How I grew up and the influence of my parents and grandmother had a big impact on me. That influence shaped how I manage my finances today. Goes to show that success with money in your later years can be traced back to your childhood.
My role models
I mentioned that Grandma ran a small business. She owned an Alteration Shop. Not a lot of money in that gig. Despite that, she was a saver.
Back in the day, she would always buy savings bonds as well as certificates of deposits (CDs.) She is 94 now and still talks about earning 14% on CDs. When I was a wee tot, she explained how compound interest worked. She explained to me the power of money when it’s not spent foolishly.
I didn’t see much of my dad until I was age 6. He served in the Army during the Vietnam War. Before then he worked in a warehouse.
Wanting to provide more for his family, he started attending college in the evening on the G.I. Bill. He earned his degree in Accounting in 5 years while working at the warehouse day job.
He’ll reflect on that time in his life and wonder how he did it. Maybe he didn’t feel he had a choice. He simply wanted to be a good provider for his family.
That alone taught me about sacrifice and trade offs to meet goals. Earning a degree allowed Dad to earn at least a million dollars more over the course of his career. He was able to retire at age 57.
The Wonder Years
In the early 80s, consumer debt was not as big of a problem. Probably because it was harder to get credit back then? Interest rates were much higher. So it’s no surprise my dad taught me to avoid debt.
Debt (so he said) actually made him sick. He’d even have little panic attacks when he owed a large balance on a loan. He paid off his 30-year mortgage in 13 years. Now that’s motivation…
My mom had a few part-time jobs here and there. She was also a minimalist. Clutter and crap did not last long around our house. We could’ve filmed studio sitcoms the house was so neat and orderly. What she taught me? Less is more.
Having such strong and close role models, it’s not a mystery that personal finance became a passion of mine. Scarcity gives you few options, and I appreciate that my folks focused on how to manage the little we had.
When I started working, saving money was a reflex. I did not want to waste it. I wanted my money to grow with the power of compounding interest. After a some personal figuring out stuff-age, I decided to go to college in my early 20’s. How would I pay for that???
Taking out loans totally freaked me out. I remember adding up the total cost of a bachelor’s degree and the feeling of utter doom (panic attacks?!?) The fear of owing $20,000 or more in student loans was overpowering.
I almost skipped college. Instead, I buckled down and worked when I wasn’t in class.
Who I am today
I am a minimalist. I am not a minimalist because I read about it on AbandonedCubicle.com and it sounded like a cool way to live (but almost.)

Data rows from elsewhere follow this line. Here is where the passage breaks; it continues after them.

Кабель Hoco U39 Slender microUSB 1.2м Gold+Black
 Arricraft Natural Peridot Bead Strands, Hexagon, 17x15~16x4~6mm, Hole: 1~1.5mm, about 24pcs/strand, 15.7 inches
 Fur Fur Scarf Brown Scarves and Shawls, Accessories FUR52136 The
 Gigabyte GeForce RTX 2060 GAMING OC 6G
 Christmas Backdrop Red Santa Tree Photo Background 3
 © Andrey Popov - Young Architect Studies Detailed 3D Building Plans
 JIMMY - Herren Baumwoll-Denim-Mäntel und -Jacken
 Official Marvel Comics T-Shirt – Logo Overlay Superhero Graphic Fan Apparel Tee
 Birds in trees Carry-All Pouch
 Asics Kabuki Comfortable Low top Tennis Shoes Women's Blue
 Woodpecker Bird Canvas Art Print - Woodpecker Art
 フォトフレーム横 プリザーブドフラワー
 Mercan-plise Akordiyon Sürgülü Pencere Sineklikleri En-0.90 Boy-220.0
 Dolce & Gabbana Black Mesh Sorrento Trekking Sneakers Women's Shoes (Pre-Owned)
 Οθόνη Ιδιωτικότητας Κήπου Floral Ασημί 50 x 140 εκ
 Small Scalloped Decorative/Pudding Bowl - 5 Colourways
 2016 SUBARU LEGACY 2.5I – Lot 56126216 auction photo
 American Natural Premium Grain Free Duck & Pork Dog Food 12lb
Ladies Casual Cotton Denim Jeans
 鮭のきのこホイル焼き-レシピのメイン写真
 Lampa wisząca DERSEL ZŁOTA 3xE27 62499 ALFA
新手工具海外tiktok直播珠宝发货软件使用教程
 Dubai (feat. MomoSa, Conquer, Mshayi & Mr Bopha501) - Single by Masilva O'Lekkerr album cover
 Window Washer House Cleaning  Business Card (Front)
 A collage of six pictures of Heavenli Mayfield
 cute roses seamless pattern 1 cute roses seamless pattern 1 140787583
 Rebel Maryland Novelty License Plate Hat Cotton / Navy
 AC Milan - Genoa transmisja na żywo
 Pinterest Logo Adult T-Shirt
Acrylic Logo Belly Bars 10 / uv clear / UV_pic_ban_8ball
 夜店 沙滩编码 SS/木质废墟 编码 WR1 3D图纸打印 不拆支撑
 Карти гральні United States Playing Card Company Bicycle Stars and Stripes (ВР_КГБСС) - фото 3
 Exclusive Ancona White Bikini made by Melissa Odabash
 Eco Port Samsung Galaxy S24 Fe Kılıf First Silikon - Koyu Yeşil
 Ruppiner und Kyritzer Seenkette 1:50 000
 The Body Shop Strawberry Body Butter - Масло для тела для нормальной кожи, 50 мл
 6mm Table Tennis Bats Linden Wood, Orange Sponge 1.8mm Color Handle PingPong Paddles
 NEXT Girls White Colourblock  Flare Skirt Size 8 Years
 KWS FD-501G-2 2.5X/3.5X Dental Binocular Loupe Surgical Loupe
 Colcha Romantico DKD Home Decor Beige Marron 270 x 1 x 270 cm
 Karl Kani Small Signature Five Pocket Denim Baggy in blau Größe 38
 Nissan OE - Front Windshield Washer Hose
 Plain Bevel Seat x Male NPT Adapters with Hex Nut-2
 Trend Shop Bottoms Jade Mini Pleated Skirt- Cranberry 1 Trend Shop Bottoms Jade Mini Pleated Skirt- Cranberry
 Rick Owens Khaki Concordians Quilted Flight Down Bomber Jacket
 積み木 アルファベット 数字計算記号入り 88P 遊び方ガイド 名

Material possessions take up too much energy. I guess I was just conditioned (thanks, Mom!) to buy quality, lasting things if I needed them. I had learned throughout my childhood, slowly by surely, to control my wants.
It’s interesting to say the least how much your upbringing can shape your view of the world. We can’t pick our parents, but I feel I won the lottery with mine.
We grow up thinking our parents aren’t fair and they’re stingy. Later on, especially after we’ve left the safety and comfort of home, we recognize quickly how they taught us to succeed in life. With nothing more than setting a good example.